A few things I'd like to note: the monthly cash flow is a bit weak for me personally. It certainly is not bad, but for a 5-unit at just ~$127 per month per unit, I'd like to see more per unit. That being said, the ROI and cap rates are strong like I mentioned and $127 is not bad. Having 5 units also does give you some protection if 1-2 units have tenant issues, which is good.
The estimated closing costs of $3,000 seems a bit low to me, but that certainly varies widely from lender to lender and from area to area. If you're confident in that figure, great. If not, I'd revisit that as this seems a bit low to me.

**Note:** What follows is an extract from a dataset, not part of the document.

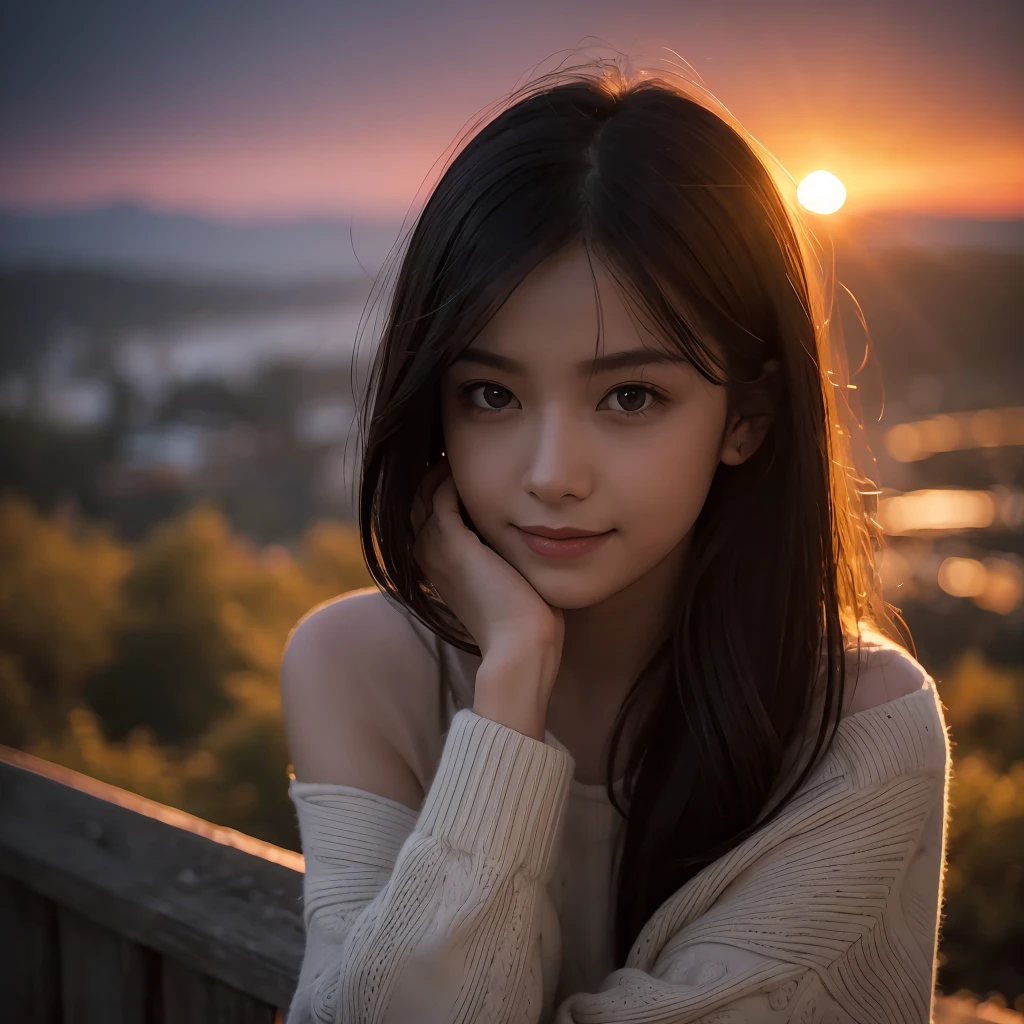 (Dark Scene, Soft lighting, High saturation):1.4, Vivid lighting, Enchanting elegance, Atmospheric Depth, Great technology, Naturalistic representation, Harmonious composition, Creative refinement, Striking contrast,
(One Girl, Young Beauty), Sitting, smile, View your audience, From above, Sharp focus, Extra Large_sweater, shoulder,
((sunset)),Volumetric Fog, Outdoor, Backlight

Also, you have no estimated repair costs but expect that the ARV will be almost $30k higher after you buy it - why is that? This seems a bit unrealistic to me. It will likely go up slightly if you can improve the management of the property, but a nearly 30% increase seems a bit much.
I feel it is also important to note that your capital will likely be stuck in this deal. I do not see it being a BRRRR opportunity - meaning you won't be able to refinance and get your capital out anytime soon. If you're okay with that and are expecting to keep your capital in this deal, then that is fine, it is just an important idea to think about.
Since this is a 5-unit property you will likely need to get a commercial mortgage for the property. Keep in mind the characteristics of these types of loan products (balloon payments, etc.).
Hope this helps - if you have any questions, feel free to reach out.